Records excerpted from a collection:
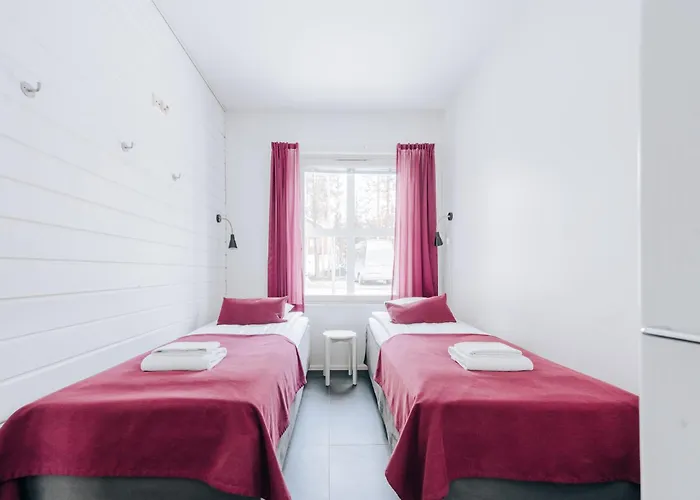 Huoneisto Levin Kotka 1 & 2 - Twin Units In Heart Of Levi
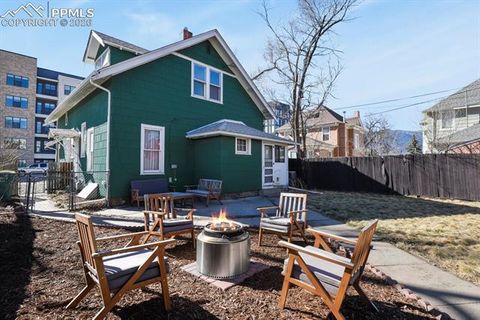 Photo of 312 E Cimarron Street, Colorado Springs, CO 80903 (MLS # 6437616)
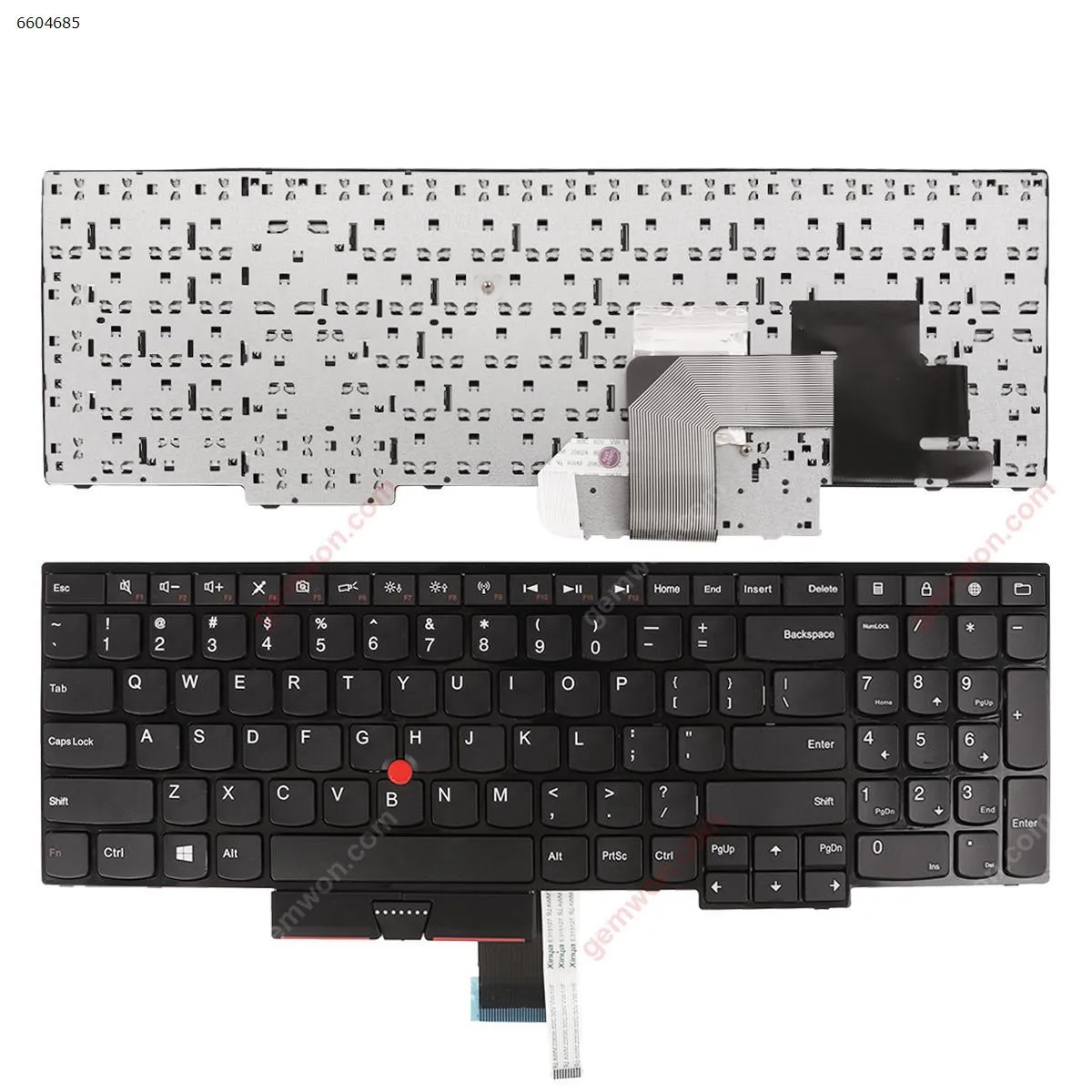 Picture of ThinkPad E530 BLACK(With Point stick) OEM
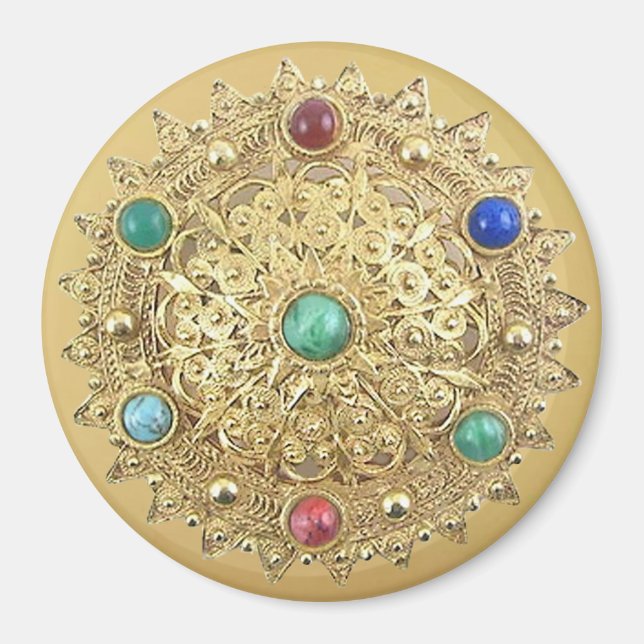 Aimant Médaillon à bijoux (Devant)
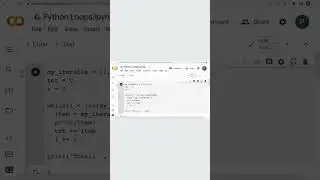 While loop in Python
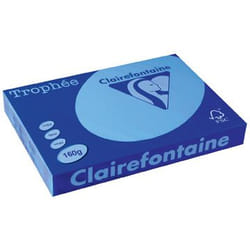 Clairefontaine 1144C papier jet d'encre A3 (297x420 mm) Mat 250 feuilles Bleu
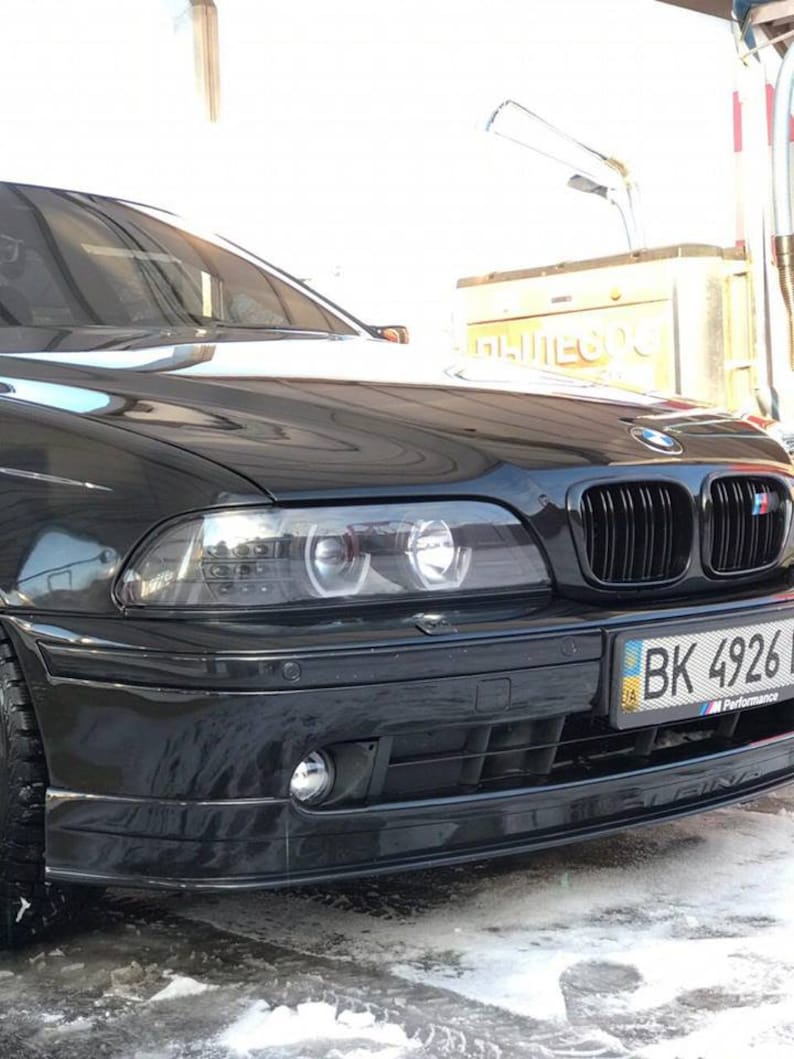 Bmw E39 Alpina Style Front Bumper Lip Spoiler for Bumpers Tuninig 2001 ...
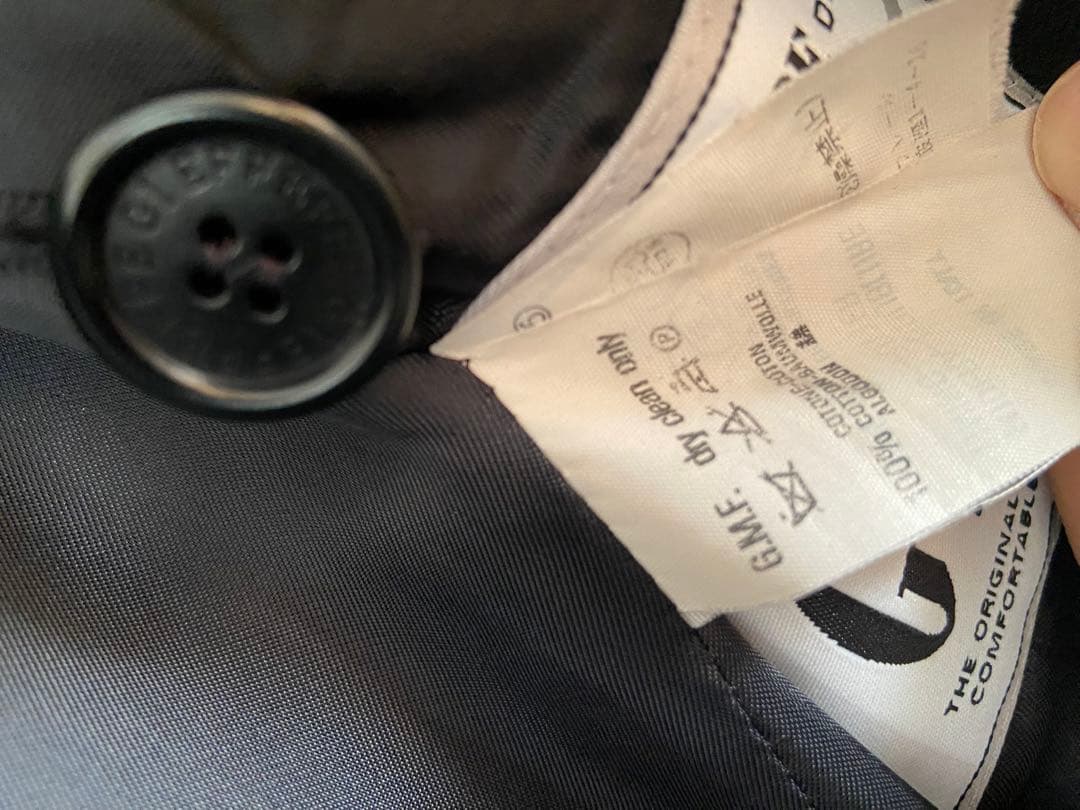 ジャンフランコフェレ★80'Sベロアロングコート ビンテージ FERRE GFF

[The task]
Give the records back exactly, with no pictures.

[Completed task]
 Huoneisto Levin Kotka 1 & 2 - Twin Units In Heart Of Levi
 Photo of 312 E Cimarron Street, Colorado Springs, CO 80903 (MLS # 6437616)
 Picture of ThinkPad E530 BLACK(With Point stick) OEM
 Aimant Médaillon à bijoux (Devant)
 While loop in Python
 Clairefontaine 1144C papier jet d'encre A3 (297x420 mm) Mat 250 feuilles Bleu
 Bmw E39 Alpina Style Front Bumper Lip Spoiler for Bumpers Tuninig 2001 ...
 ジャンフランコフェレ★80'Sベロアロングコート ビンテージ FERRE GFF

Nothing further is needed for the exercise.